Yes, London may be a relatively diverse city but these kids didn’t grow up in that London. Southbank International School was a home for the children of wealthy Brits and expats, many of which apparently didn’t mingle that much with people of other races. There was even a rumour that I was related to the only other black person at the school, a girl a few grades older than me. This girl and I never spoke. I didn’t even know her name. It seems like people assumed we were related simply because our skin was the same tone. At the time, I didn’t consider this a subtle manifestation of racial ignorance. Although I realized how ignorant the assumption was, I found amusement in it. I didn’t find amusement in what greeted me outside the school.
I loved the gated complex we lived in, courtesy of my step-dad’s company. It was amazing seeing so many high end cars in the parking lot, everything from Aston Martins to Maseratis. The building’s staff were very familiar with my parents, and knew me well. As I look back on the experience, I realize how warm and welcoming they were to us. While I revelled in this new environment, certain things started to annoy me after a while.
“Do you live here?”
This was a question I received from other residents. This question was never an attempt to start a conversation. It wasn’t followed by a request for directions, an introduction or any form of small talk. Usually the only response I received was a stare or maybe “Just checking.” I answered this question with a smile on my face the first few times, not thinking that my skin colour could make someone question my presence. Sometimes I may have walked through the gate after someone else, and I thought it was a fair question since I didn’t enter the security code myself. Other times, I thought that maybe my casual dress begged the question. However, some of the residents asking me were also dressed casually. Before racist assumptions come into play, I have never been one to wear excessive jewellery or baggy pants hanging low. I don’t wear hoodies often either.
Sometimes I was dressed more formally than the residents interrogating me. The uniform for one of the schools I went to was a suit, complete with a green blazer. This uniform was nothing like the uniform worn by the staff and also should have signified that I wasn’t a homeless person wandering into the building. Additionally, I was often clean cut and sported no facial hair at the time (mother’s orders). As I look back on my justifications for the questioning, I wonder what the residents thought I planned to do if I didn’t live there. Did they think I was planning to sneak past the security at the front desk and ransack as many apartments as I could find?
These experiences continued to pile up, and after a while, I could not help but ask why I kept getting asked this question. The answer didn’t really come to me until a flight back to Canada during one of my school breaks. My stepdad and I had first class seats and while I enjoyed the privileges that came with it, the experience was somewhat overshadowed by an encounter with a flight attendant. I went to use the first class bathroom, and she stepped in front of me and pointed to the bathroom in coach.

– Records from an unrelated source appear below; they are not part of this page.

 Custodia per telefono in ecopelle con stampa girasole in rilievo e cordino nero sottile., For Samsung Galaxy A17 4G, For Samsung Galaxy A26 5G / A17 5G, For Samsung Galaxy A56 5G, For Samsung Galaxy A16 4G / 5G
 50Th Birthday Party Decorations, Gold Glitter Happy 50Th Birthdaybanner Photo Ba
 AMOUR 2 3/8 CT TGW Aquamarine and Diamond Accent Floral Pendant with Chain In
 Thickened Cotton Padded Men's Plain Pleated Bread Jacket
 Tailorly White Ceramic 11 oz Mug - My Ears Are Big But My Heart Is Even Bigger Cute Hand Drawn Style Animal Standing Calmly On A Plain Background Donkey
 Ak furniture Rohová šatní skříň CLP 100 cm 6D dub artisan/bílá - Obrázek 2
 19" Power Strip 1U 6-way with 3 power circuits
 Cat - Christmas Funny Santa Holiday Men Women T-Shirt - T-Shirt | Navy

I was confused, but didn’t think to argue. I had to pass my stepdad to reach coach, and he stopped me to ask where I was going. When I explained that I couldn’t use that bathroom, he assured me I could and told me to walk back towards the front. When I did, the same flight attendant stopped me and pointed to coach again. My stepdad saw everything this time, and angrily pointed to my seat “He sits here.” With that said, the flight attendant finally let me use the first class bathroom.
It took me a while to accept what happened. I remember fuming in my seat, wanting an apology from the flight attendant. Once the initial rush of anger passed I tried to justify what happened. Maybe my age had something to do with it? This proved to be a faulty justification since teenagers have parents who could have possibly paid for their ticket. My dress? I remember that the weather was warm at the time so I know I wasn’t wearing a hoodie. I was dressed casually but there was no afro, low-hanging pants, excessive jewellery or metal gilded teeth in sight. There was no valid reason for this flight attendant to assume I was a delinquent sneaking in from coach to use the first class bathroom. She didn’t even ask me if I was in first class or ask me to present my boarding pass. She didn’t say a word to me. She just blocked my path and pointed to where she thought I belonged. The fact that I COULD be in first class didn’t even register in her mind.
Needless to say, by the time I moved back to Canada at age fifteen, I wasn’t a blissfully ignorant person anymore. I was embittered, injected with righteous indignation. Although I am still committed to exploring and denouncing racism, I know that this period was one where it dominated my life in an unhealthy way. I wasn’t just aware of how the world worked, I saw it as a poisoned entity. There were times in the years ahead where I genuinely saw racism where it didn’t exist. However, I think this stage is a natural one for anyone who was taught by his insitutions that racism is long gone, and then gets kicked in the teeth by reality.
By the time I entered the University of Ottawa, I still had more to learn. I was followed while shopping for the first time while in a SAQ in Hull, Quebec. A white friend and I entered the store, and an employee rushed over after a few minutes to ask if I needed help. I had my hands on a bottle of Appleton and advised her that I was fine. As I waited for my friend to make his selection I noticed the employee leaning on a shelf near to me, keeping her eyes trained on me while ignoring my friend. Although I was well aware of racism, this was a specific type of profiling I had either never experienced or never noticed.
There are plenty of minorities that will often argue that a racist incident, or a form of racism, must be a fabrication because they’ve never experienced it themselves. I never denied that black people could be watched more intensely than whites when they shop, but I somehow thought Canada was immune to such idiocy. Most of the time I saw it in entertainment or heard about it, the employees made some attempt to be subtle. I thought that maybe she was watching me because I had a bag on, which could be used to conceal items, but my white friend had a bag as well. Maybe some part of me wanted to believe she was just admiring me for my good looks.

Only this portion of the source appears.